Recorded information Block Start

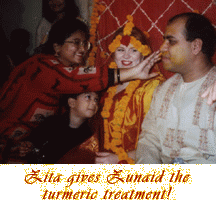 Zita applies turmeric to Zunaid's face.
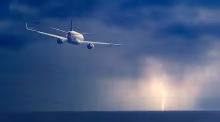 Plane flying lightning ocean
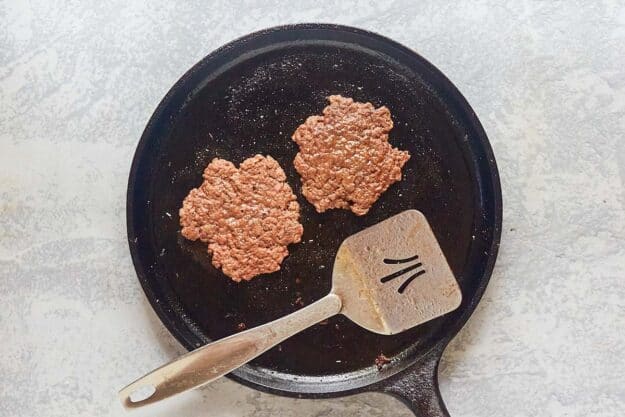 cooked hamburger patties on a griddle.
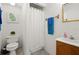 White bathroom featuring a vanity, toilet, and bathtub with shower curtain at 942 Cinnamon Ct, Altamonte Springs, FL 32714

Recorded information Block End

Assigned task: Skipping the pictures, transcribe each line above exactly as it appears.

Problem solution:
 Zita applies turmeric to Zunaid's face.
 Plane flying lightning ocean
 cooked hamburger patties on a griddle.
 White bathroom featuring a vanity, toilet, and bathtub with shower curtain at 942 Cinnamon Ct, Altamonte Springs, FL 32714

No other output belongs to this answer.